Core expects further spend growth of 13.5% on social media and 10.4% on video in 2024, with spend on TikTok forecast to increase by 42% in 2024. This tallies with Ogilvy’s description of TikTok as the new TV. “The dominance of TikTok and Instagram Reels, and the uptake of YouTube Shorts, speaks to consumers’ enduring love for punchy, short clips,” says Ogilvy.
In Ireland, the ‘creator economy’, the polite adland phrase for influencing, is a growing marketing segment, both for the influencers and their intermediaries.
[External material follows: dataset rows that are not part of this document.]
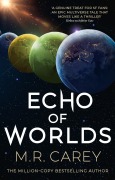 Cover-Bild zum Titel 'Echo of Worlds' von 'M. R. Carey'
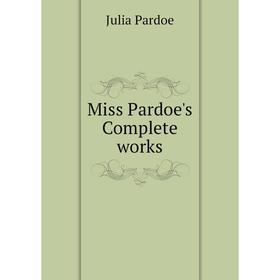 

Книга Miss Pardoe's Complete works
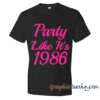 Dirty 30 1986 Birthday Custom Personalized Unisex
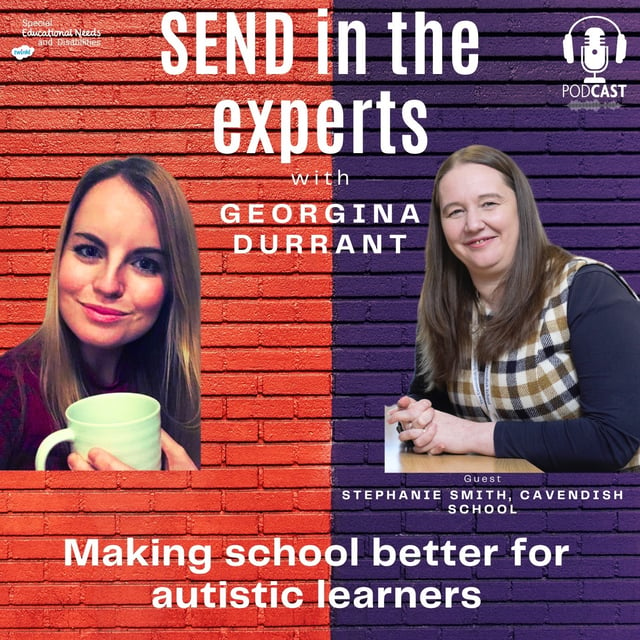 Making Schools Better for Autistic Learners - Georgina Durrant in conversation with Stephanie Smith image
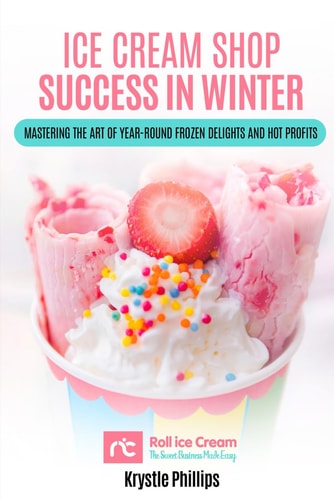 Ice Cream Shop Success in Winter Mastering the Art of Year-Round Frozen Delights and Hot Profits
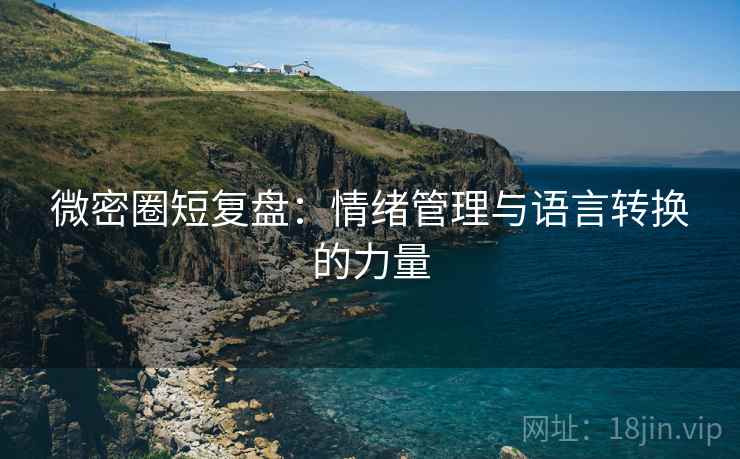 微密圈短复盘:情绪管理与语言转换的力量 微密圈短复盘:情绪管理与语言转换的力量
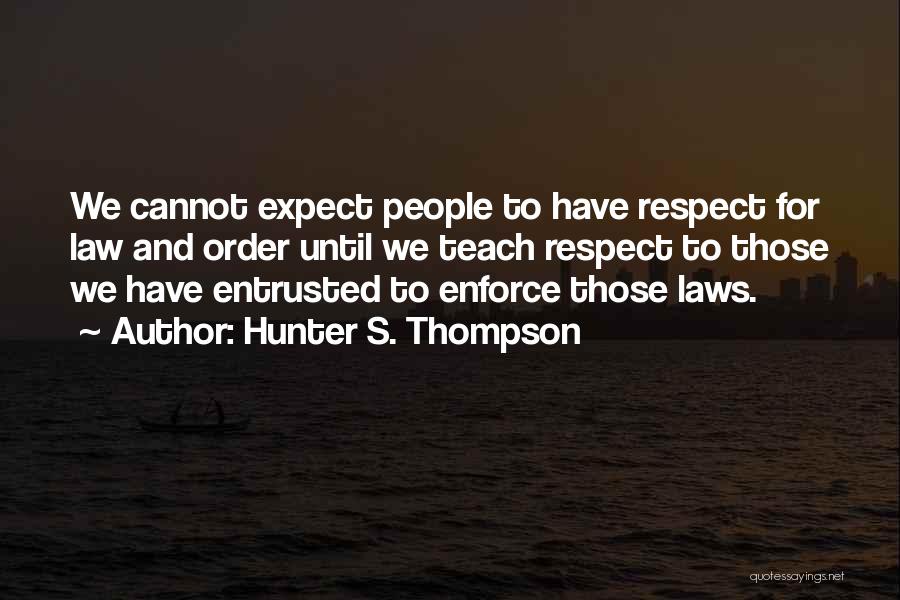 Hunter S. Thompson Quotes: We Cannot Expect People To Have Respect For Law And Order Until We Teach Respect To Those We Have Entrusted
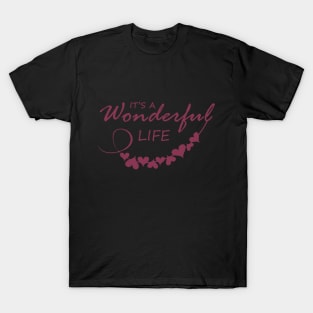 it's a wonderful life T-Shirt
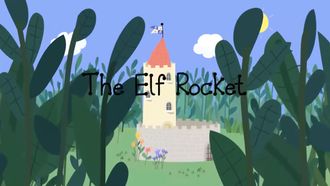Episode 44 The Elf Rocket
One of those gobetweens in Lynn Hunter, who started her own business in public relations in 2009, added on an influencer arm in 2017, and now sees opportunity in informal social media video content made by influencers and other creators.
Hunter started working with content creators over a decade ago when they were just bloggers. “Then Instagram launched and all these girls were creating great content,” she recalls. “I realised there was a missing link between the brand and the creator, somebody who understands the value the creator is bringing and who can also educate the brand how it works.”
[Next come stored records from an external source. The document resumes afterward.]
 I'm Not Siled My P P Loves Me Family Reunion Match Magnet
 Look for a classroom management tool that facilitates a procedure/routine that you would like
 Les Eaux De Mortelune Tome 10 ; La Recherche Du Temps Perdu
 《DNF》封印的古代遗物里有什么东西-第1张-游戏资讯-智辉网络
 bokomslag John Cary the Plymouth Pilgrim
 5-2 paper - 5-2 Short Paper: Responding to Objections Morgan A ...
Hunter established The Collaborations Agency in 2017, and the agency now represents scores of influencers and other content creators. The talent roster includes Mayo funnyman Garron Noone, who has been latched onto by Keoghs Crisps; Limerick comedian Séamus Lehane, who collaborated with Noone for
content plugging Rockshore beer; travel and adventure creator Marius Monaghan, who has promoted Connected Hubs to his 200,000 TikTok followers; drag queen Davina Devine, who is popular with Boots marketers; and foodie Karol Daly, who is admired by Marks & Spencer.
For marrying brands with influencers, Hunter looks at reach, relevance and resonate factors. “For the brand and creator, I want to marry them on those three points. The best campaign is when a brand wants to collaborate with the content creator and go with their ideas.
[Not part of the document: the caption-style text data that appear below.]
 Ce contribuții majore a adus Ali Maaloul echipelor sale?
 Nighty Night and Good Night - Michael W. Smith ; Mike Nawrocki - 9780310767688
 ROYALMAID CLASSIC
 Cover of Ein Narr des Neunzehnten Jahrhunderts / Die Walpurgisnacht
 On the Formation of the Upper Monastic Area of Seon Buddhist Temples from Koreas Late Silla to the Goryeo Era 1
“I always ask the brand, what is your rationale? Why do you want to work with this person? If you won’t let them be who they are, it’s not going to work. Content creators know their audience, so why would you work with this person if you want to change how they are to who you want them to be.
“I’ll give clients examples of content that has worked due to a particular collaboration, and then they get it. When we receive the brief from the client, we share it with the content creator to see if they want to do it. They will come back with a concept, and when that is agreed with the client we’ll shoot it. Once the content is made, we usually only allow for one round of amendments. We’re not shooting an Oscar movie.”
Hunter’s latest initiative is Social Content HQ, a service where her roster of content creators make soft-sell content without necessarily making a personal appearance in the video. The idea is that TikTok and Instagram require a constant feed of videos, and that Hunter’s creative types can churn these out at a lower cost than an advertising agency.
“Our social content creation service is perfect for social media managers and business owners who want to focus on the big picture while leaving the creative heavy lifting to us,” Hunter enthuses. “We take care of everything from ideation and strategic planning to editing, and our services include custom graphics for feed and posts, and snappy videos for Reels or TikToks.”